- **INFORMATION**:
== Segment start ==

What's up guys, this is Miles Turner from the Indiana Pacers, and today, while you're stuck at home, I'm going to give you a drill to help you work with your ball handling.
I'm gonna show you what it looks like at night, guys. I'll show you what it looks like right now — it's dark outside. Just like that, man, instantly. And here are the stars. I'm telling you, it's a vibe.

== Segment end ==
== Segment start ==

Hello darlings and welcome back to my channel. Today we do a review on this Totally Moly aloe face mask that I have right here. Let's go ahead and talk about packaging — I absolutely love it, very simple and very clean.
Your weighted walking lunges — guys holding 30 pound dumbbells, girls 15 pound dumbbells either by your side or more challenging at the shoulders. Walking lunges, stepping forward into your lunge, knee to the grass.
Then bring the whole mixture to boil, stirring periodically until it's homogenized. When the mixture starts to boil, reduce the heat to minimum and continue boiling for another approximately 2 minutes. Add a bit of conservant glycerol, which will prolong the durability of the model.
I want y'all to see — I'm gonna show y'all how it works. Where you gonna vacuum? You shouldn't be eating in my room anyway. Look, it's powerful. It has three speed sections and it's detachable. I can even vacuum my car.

== Segment end ==

- **ASSIGNMENT**: Lines from the entries that contain the string "show" must be found and copied.

- **EXERCISE RESULT**:
I'm gonna show you what it looks like at night, guys. I'll show you what it looks like right now — it's dark outside. Just like that, man, instantly. And here are the stars. I'm telling you, it's a vibe.
I want y'all to see — I'm gonna show y'all how it works. Where you gonna vacuum? You shouldn't be eating in my room anyway. Look, it's powerful. It has three speed sections and it's detachable. I can even vacuum my car.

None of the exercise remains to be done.